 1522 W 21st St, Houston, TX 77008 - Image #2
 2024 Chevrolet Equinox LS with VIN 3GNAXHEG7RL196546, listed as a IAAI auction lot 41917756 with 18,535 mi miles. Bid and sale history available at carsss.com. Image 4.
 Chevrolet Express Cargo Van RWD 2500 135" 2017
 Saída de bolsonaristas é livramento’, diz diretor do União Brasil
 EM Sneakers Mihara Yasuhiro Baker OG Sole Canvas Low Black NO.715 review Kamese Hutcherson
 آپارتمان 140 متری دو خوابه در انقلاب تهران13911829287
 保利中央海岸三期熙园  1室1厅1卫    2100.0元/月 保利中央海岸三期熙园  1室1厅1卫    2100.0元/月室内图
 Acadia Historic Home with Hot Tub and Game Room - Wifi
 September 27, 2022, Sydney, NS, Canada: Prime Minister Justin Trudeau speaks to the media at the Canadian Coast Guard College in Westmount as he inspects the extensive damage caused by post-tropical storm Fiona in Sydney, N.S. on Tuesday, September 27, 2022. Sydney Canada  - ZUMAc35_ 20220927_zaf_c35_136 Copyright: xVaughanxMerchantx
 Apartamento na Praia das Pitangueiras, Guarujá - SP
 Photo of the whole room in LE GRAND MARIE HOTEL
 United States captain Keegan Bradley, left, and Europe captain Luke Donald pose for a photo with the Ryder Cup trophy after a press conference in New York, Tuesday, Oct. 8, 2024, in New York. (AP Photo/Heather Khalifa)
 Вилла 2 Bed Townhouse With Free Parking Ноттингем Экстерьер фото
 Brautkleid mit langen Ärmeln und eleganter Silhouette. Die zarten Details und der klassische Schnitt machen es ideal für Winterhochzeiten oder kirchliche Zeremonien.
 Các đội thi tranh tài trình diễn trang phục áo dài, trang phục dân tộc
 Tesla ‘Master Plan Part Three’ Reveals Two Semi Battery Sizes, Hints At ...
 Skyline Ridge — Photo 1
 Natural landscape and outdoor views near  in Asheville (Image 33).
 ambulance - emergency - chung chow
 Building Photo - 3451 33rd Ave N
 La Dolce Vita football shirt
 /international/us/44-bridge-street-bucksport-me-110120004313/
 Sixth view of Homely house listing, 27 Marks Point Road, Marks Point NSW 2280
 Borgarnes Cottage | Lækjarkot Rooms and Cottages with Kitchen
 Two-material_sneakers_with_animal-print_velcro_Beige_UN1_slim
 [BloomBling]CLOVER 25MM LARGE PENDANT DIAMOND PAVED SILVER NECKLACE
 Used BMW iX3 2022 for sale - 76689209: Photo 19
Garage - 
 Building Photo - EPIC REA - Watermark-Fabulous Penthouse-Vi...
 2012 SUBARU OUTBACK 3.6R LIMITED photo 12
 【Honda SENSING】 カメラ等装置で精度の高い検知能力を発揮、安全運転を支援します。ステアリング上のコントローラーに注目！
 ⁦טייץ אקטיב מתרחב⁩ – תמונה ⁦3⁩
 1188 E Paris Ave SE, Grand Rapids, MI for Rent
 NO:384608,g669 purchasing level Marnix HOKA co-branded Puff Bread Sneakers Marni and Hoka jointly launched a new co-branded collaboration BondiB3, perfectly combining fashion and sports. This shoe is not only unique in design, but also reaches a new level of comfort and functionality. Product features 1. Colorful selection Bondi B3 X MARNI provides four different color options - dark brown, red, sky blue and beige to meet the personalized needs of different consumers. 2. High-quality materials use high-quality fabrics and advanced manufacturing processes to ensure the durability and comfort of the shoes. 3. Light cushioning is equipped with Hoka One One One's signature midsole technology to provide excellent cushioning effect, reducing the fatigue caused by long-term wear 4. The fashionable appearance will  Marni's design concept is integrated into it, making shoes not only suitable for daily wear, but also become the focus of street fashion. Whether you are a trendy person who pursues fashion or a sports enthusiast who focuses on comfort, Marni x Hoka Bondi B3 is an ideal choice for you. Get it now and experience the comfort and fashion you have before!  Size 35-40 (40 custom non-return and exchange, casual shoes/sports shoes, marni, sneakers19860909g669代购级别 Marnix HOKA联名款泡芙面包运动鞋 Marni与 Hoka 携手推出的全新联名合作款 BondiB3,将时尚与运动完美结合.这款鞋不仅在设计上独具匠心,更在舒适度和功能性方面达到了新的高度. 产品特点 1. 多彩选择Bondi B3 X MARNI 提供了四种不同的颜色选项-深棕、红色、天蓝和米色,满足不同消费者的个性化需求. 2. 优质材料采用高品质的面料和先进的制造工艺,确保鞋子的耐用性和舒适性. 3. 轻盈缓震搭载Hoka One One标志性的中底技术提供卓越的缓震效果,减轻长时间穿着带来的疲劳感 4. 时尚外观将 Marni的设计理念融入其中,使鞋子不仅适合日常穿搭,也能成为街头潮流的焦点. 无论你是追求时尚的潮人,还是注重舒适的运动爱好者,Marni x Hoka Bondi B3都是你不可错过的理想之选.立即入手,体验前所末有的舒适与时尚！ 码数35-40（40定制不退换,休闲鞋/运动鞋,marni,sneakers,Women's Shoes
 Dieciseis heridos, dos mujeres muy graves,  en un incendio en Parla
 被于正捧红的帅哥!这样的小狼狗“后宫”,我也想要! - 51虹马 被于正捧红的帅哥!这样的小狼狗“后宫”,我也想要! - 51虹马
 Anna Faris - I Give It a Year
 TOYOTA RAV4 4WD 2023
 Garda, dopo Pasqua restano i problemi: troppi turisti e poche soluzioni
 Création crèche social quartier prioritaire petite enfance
-*-*-
§ Exercise
The answer is the records above restated word for word from their opening line through the line that holds "Chevrolet Express Cargo", both included, and nothing else.

§ Response to the exercise
 1522 W 21st St, Houston, TX 77008 - Image #2
 2024 Chevrolet Equinox LS with VIN 3GNAXHEG7RL196546, listed as a IAAI auction lot 41917756 with 18,535 mi miles. Bid and sale history available at carsss.com. Image 4.
 Chevrolet Express Cargo Van RWD 2500 135" 2017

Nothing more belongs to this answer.